MomentumPine Script v6

Normalized Smoothed MACD Pine Script — Complete TradingView Guide

The Normalized Smoothed MACD (NSM) is a Pine Script v6 momentum oscillator that improves on the classic MACD by adding min-max normalization and an extra EMA smoothing layer, producing a bounded output in the range of –1 to +1. Unlike the standard MACD, whose values scale with asset price, the NSM output is directly comparable across stocks, crypto, forex, and futures. Developed as an extension of Gerald Appel's original 1979 MACD concept, the NSM applies a rolling normalization window (default 20 bars) and a secondary EMA smoothing period (default 5 bars) before computing the signal line (default period 9). This guide covers the complete Pine Script v6 implementation, parameter table, trading strategies, and step-by-step instructions for generating the NSM in Pineify.

What Is the Normalized Smoothed MACD?

The Normalized Smoothed MACD is a momentum oscillator that extends the classic Moving Average Convergence Divergence (MACD) by normalizing its output to a fixed –1 to +1 range and applying additional EMA smoothing, used to identify momentum direction and crossover signals across any asset class without price-scale distortion.

The classic MACD was developed by Gerald Appel in 1979 as a way to measure the relationship between two exponential moving averages of price. The standard formula subtracts the slow EMA (default 26 periods) from the fast EMA (default 12 periods) to produce the MACD line, then applies a 9-period EMA to that result to generate the signal line. The weakness of the classic MACD is that its absolute values are proportional to the asset price — a $400 stock generates MACD values tens of times larger than a $10 stock, making threshold-based comparisons across instruments unreliable.

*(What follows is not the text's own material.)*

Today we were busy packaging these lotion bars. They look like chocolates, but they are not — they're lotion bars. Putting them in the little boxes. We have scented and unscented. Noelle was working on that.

The Normalized Smoothed MACD solves this by adding two post-processing steps. First, the raw MACD value is normalized using a rolling min-max formula:

NSM_normalized = (2 × (MACD − lowest(MACD, N)) / (highest(MACD, N) − lowest(MACD, N))) − 1

where N is the normalization period (default 20 bars), lowest(MACD, N) is the rolling minimum, and highest(MACD, N) is the rolling maximum over the lookback window. This maps the raw MACD into the –1 to +1 range. Second, an additional EMA smoothing pass (default period 5) is applied to the normalized value before computing the signal line with a 9-period EMA. This smoothing reduces high-frequency noise and false crossovers common in shorter timeframes.

Applicable markets: The NSM is effective across stocks, crypto, forex, and futures. Because the output is normalized and price-scale independent, it is particularly valuable for multi-asset strategies where you want consistent thresholds (for example, "NSM above 0.5 signals strong bullish momentum") across BTC/USD and EUR/USD alike.

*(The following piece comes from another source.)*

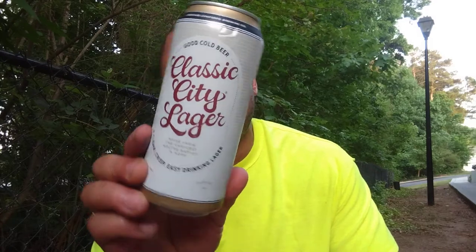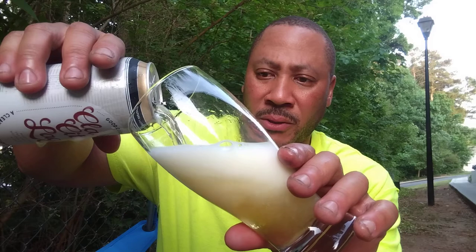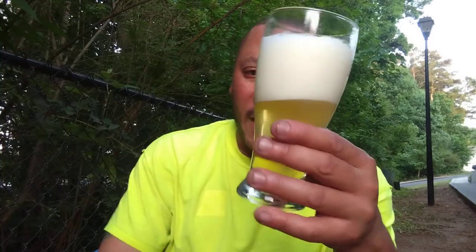Good day, everyone — John Henderson here, the Beverage Ramble, back again with another edition. Today I'm looking at a beer from Creature Comforts in Athens, Georgia: the Classic City Lager, a clean, crisp, easy-drinking American craft lager. I kept thinking I'd reviewed this one before, looked through all my videos, and found I've only done four beers from them — so I did not do this one.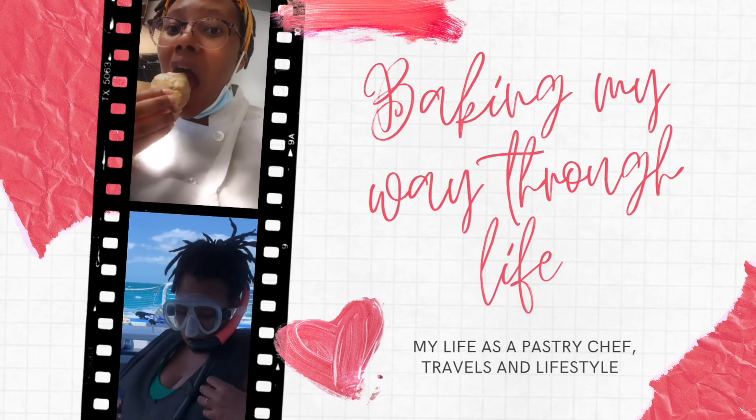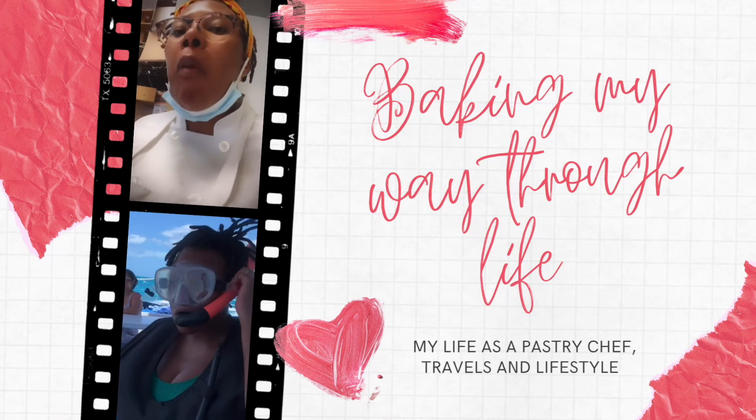Hey guys, thank you so much for watching me pack my hospital bag. I hope you guys can take some information away from it for yourself and get some tips and tricks out of it. If you see something that I think I forgot, make a new video, add it to it, or comment below. Don't forget to like, share, and subscribe to this video and to this channel — my wife's channel. Wish us luck. Thank you, bye!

Best timeframes: The NSM performs best on 1H, 4H, and Daily charts. On lower timeframes (1m–15m), the 20-bar normalization window covers too little price history and produces unstable values. For day trading, 1H is the recommended minimum. For swing trading, the 4H and Daily charts with the default 12/26/9/5/20 parameters are most reliable. Crypto traders benefit from the 4H chart because it captures the 24/7 market cycle more evenly than daily bars.

In Pine Script v6, all EMAs in the NSM are computed manually using the recursive formula ema := nz(ema[1]) + alpha * (price - nz(ema[1], price)) rather than the built-in ta.ema(), giving full control over initialization behavior. The normalization uses ta.highest() and ta.lowest() from the Pine Script standard library.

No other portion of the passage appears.